Using the data that follows, give again word for word the lines between the one holding "DO+BE blouse size S - Picture 6 of 10" and the one holding "Royal Bone China", inclusive. Omit the pictures.

DATA SECTION: Begin

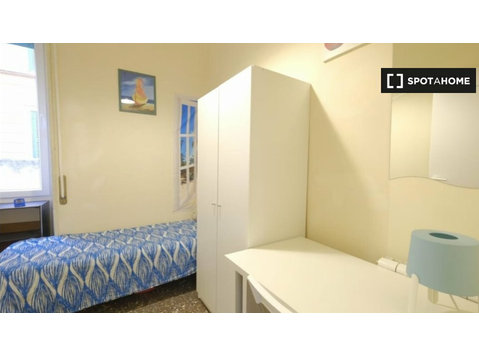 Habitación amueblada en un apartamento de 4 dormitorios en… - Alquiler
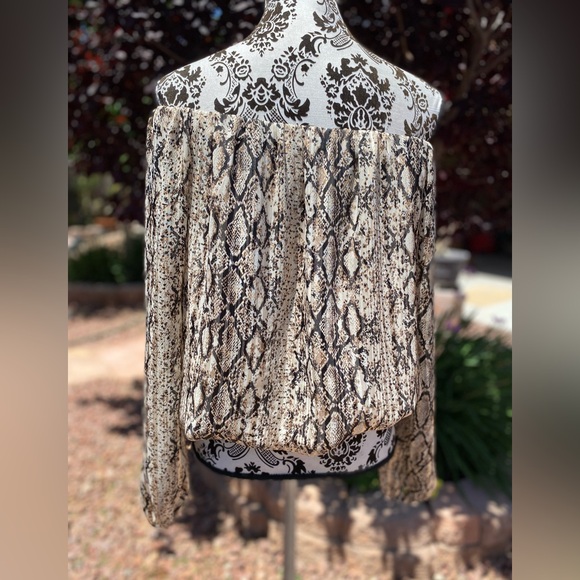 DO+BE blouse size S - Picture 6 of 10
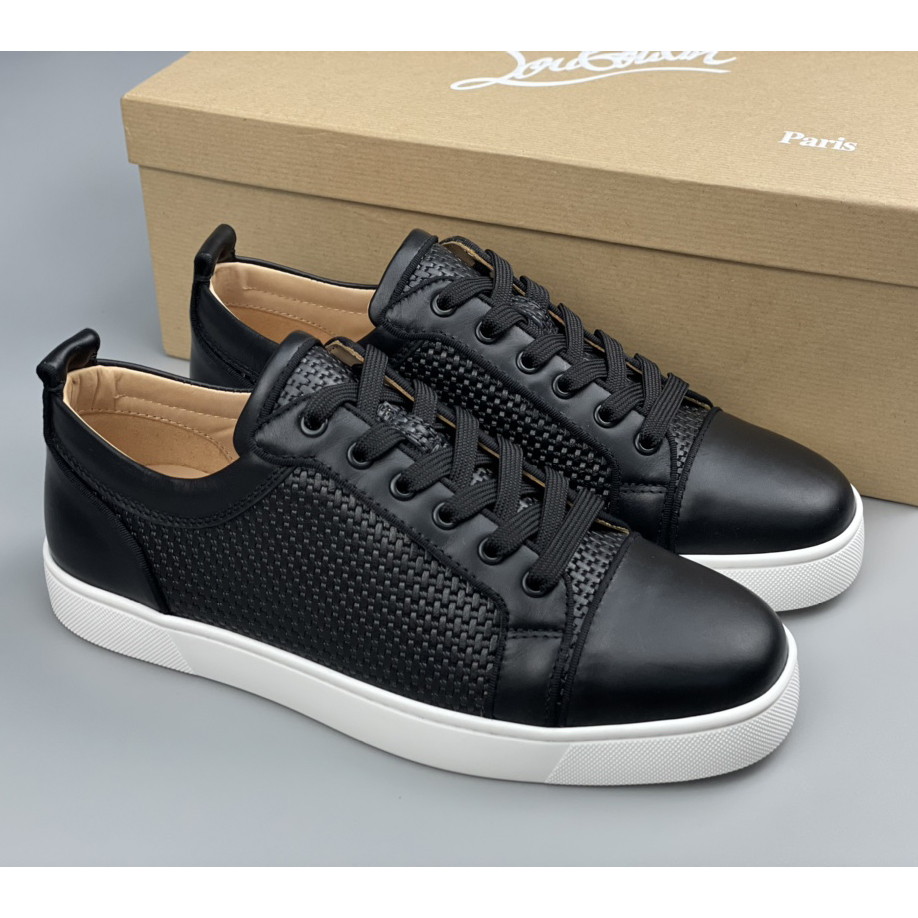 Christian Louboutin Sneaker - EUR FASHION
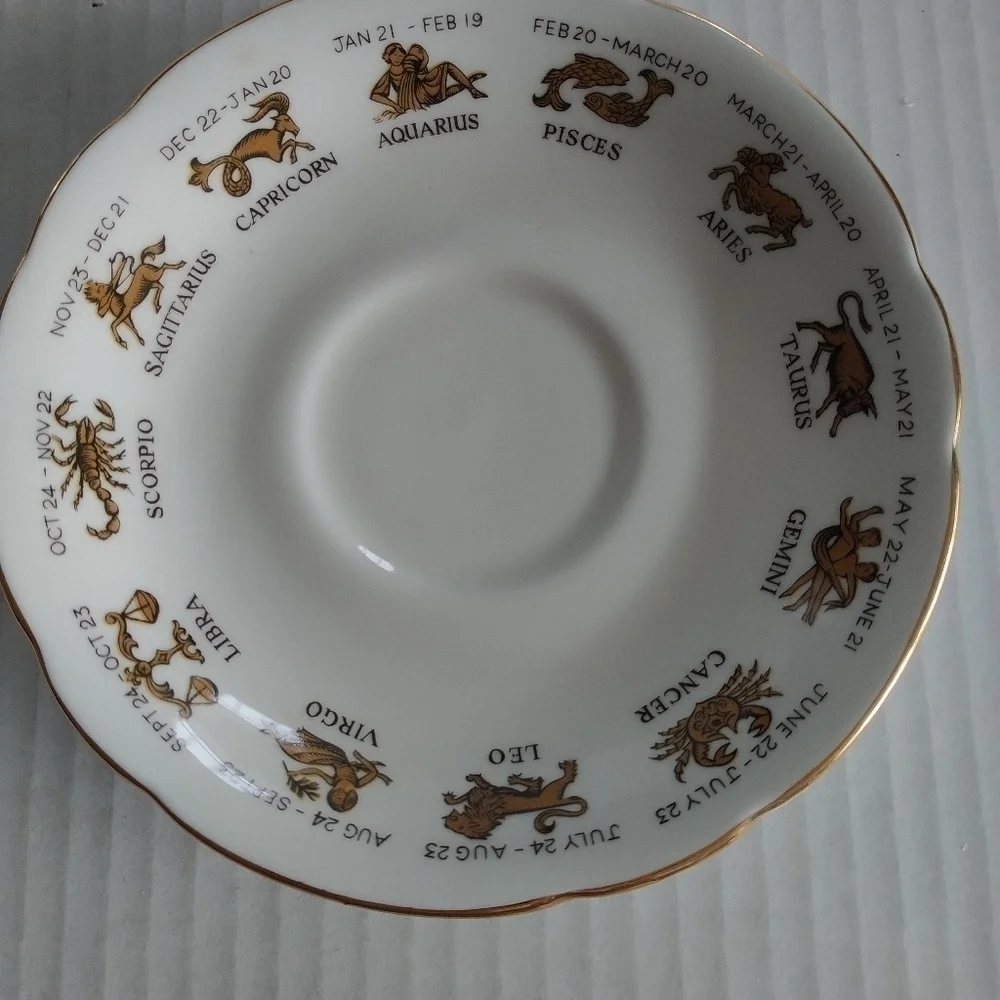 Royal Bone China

DATA SECTION: End
DATA SECTION: Begin

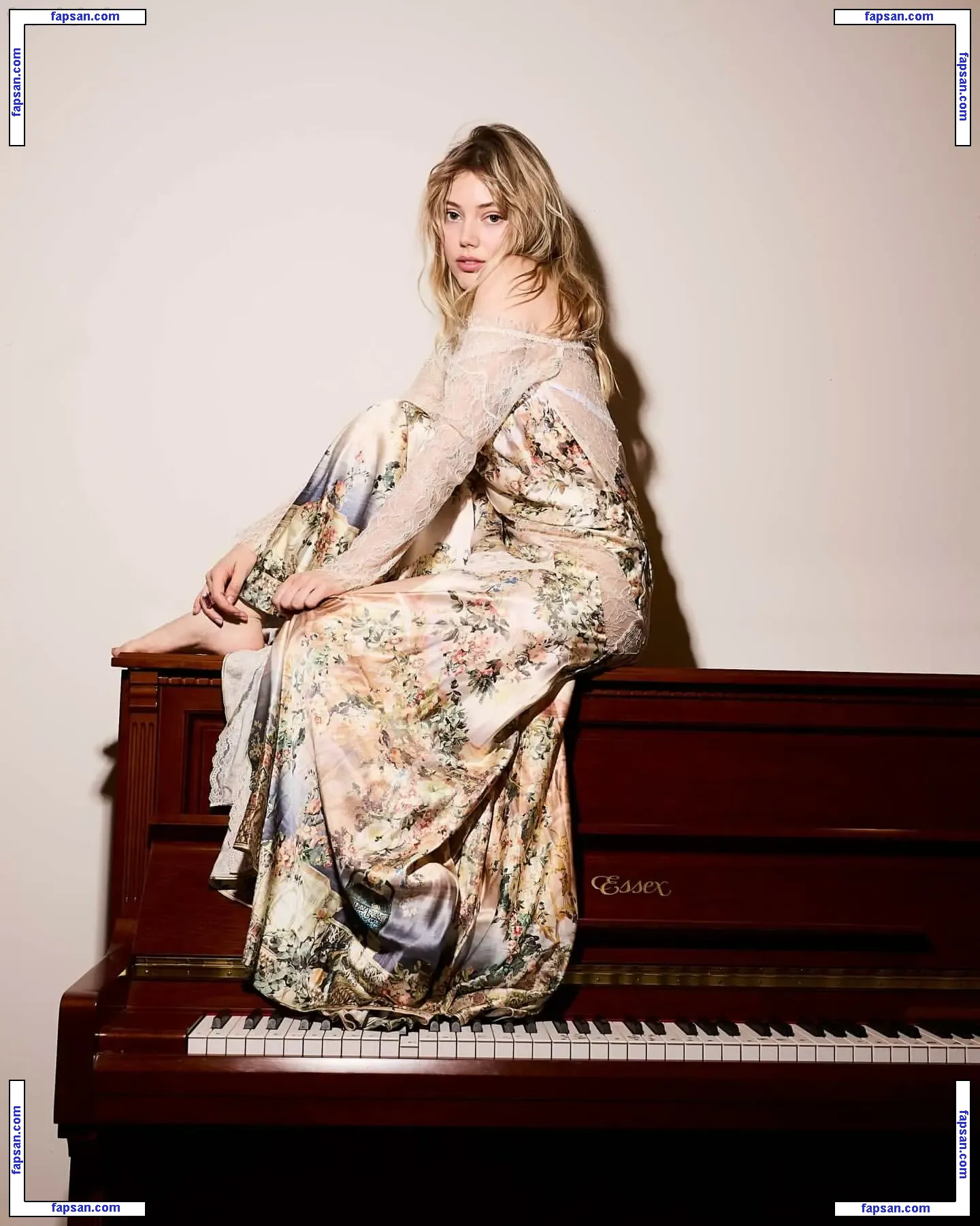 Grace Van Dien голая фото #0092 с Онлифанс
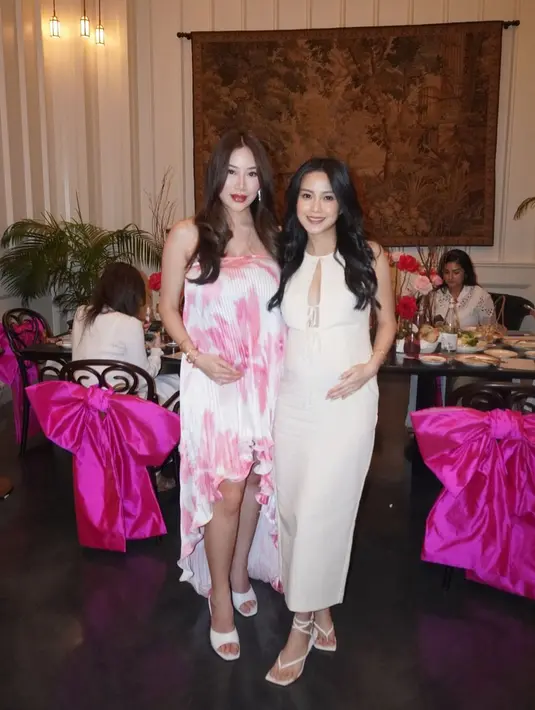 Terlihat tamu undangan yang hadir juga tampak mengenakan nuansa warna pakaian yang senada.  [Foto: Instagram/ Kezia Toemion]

DATA SECTION: End

> **SOLUTION**:
 DO+BE blouse size S - Picture 6 of 10
 Christian Louboutin Sneaker - EUR FASHION
 Royal Bone China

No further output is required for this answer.